# Controller recommendation



## evmetro (Apr 9, 2012)

I am in the market for a controller for a 12 volt 3/4 hp Leeson motor. I have this motor on a walk behind power wagon (basically a 3 wheeled powered wheelbarrow), and it has worked great the last two years since I swapped out the Briggs and Stratton for this electric motor. The drive axle on this rig has 3 speeds, reverse and neutral, so I did not need to worry about anything but coupling the Leeson motor to the input pulley of the drive axle/ transmission. The whole project was done with misc parts that I had laying around, so no money out. Since the max speed of this power wagon is a fast walk, I have been successfully engaging the motor with a contactor, but obviously, I experience a starting lurch and I really doubt that the motor enjoys this perpetual inrush of max current. I am having troubles sourcing an appropriate controller for this rig, and was hoping that somebody may have an economical suggestion? The motor ratings are 12 VDC, 60 amps, 1800 rpm. During peek demands, I can pop a 40 amp fuse, but with a 60 amp fuse and 8 gauge cable, it pulls 750 pounds of load plus it's own weight of 500 pounds up 50 feet of 12% grade with ease at a normal walking speed. This is all the power wagon does, and I can confirm that a $50 Chinese controller from ebay is barely enough to make this wagon move when it is empty and on flat ground... Suggestions?


----------



## steelneck (Apr 19, 2013)

I recently built a heater control for my 4500W heater. A small 12V PWM module based around a 555 IC driving a 20A/600V SSR. With two or three such SSRs in parallel i think something like that could drive your motor just fine.


----------



## major (Apr 4, 2008)

Hi met,

12V motor controllers are not too common. Curtis might make such a thing but dealers may not carry the models. I hesitate to say Kelly, but I have seen a couple guys use a 12V controller from them. With Kelly, you had better get 3 times (or at minimum twice) the rating you need. They are notorious for over rating their controllers.

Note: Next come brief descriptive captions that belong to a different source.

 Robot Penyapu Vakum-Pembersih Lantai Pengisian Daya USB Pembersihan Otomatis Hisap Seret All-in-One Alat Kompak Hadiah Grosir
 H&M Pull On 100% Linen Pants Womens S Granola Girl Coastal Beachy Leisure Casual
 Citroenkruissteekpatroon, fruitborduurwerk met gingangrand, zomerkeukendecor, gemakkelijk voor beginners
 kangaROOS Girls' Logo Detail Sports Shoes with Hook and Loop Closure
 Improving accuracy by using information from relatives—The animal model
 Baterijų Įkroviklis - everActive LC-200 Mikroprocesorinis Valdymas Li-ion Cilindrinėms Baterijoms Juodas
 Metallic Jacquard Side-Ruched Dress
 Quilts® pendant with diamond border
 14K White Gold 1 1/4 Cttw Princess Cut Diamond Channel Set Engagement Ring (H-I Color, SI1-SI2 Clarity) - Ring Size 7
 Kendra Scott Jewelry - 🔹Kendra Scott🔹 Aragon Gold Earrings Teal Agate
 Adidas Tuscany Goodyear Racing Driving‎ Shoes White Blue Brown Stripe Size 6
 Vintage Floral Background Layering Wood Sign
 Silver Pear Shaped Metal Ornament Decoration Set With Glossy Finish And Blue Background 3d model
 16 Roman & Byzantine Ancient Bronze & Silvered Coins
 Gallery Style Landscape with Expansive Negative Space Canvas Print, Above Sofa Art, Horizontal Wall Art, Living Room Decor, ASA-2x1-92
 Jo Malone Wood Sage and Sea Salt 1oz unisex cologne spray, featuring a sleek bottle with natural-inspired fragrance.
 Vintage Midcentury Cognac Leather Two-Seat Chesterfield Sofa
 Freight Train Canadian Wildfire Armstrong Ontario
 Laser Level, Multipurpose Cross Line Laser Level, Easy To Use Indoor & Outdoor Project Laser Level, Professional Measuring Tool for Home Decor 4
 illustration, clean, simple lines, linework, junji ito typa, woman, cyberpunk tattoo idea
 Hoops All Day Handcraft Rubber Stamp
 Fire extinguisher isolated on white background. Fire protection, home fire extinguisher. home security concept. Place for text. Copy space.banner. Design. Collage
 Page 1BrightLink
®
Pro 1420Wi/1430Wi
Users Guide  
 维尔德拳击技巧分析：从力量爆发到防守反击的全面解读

There are 12V pallet jacks where you might scavenge a controller. 

major


----------



## ken will (Dec 19, 2009)

evmetro said:


> The motor ratings are 12 VDC, 60 amps, 1800 rpm.


This one claims it will handle 60 amps.
http://www.ebay.com/itm/10-50V-60A-...573?pt=LH_DefaultDomain_0&hash=item3a95af01a5


----------



## evmetro (Apr 9, 2012)

Thanks fellas for the replies. I have considered going for a 24 volt controller so that I could canibalize one from a mobility scooter, but I also have an electric actuator for the bed dump, plus a bunch of 12 volt relay coils. Guess I will just keep my eyes out and watch craigslist for a pallet jack...


----------



## evmetro (Apr 9, 2012)

ken will said:


> This one claims it will handle 60 amps.
> http://www.ebay.com/itm/10-50V-60A-...573?pt=LH_DefaultDomain_0&hash=item3a95af01a5


I picked up a couple different ones like that last year, and they were not worthy. I believe I may have that exact one still mounted to the power cart. Since it was just enough to move the cart around empty, I have the tiny controller wired to one side of an on-off-on switch. I can get the cart moving a little with the switch in the controller position, and then flip the toggle switch all the way down the other direction, which switches from the controller relay to the direct drive contactor. When you do it really fast, you can barely feel the cart switch from the unworthy controller to direct current. The only problem with this routine is that it is too much to do in tight quarters and can lead to an out of control cart until my brain catches up to how to control it. Since 1st gear is unbelievably slow and I can shift the three speeds on the fly, I usually just leave the toggle in direct current mode and live with the small lurch in first gear. Hoakey, but no money invested. Now I am ready to spend a little to make it right.


----------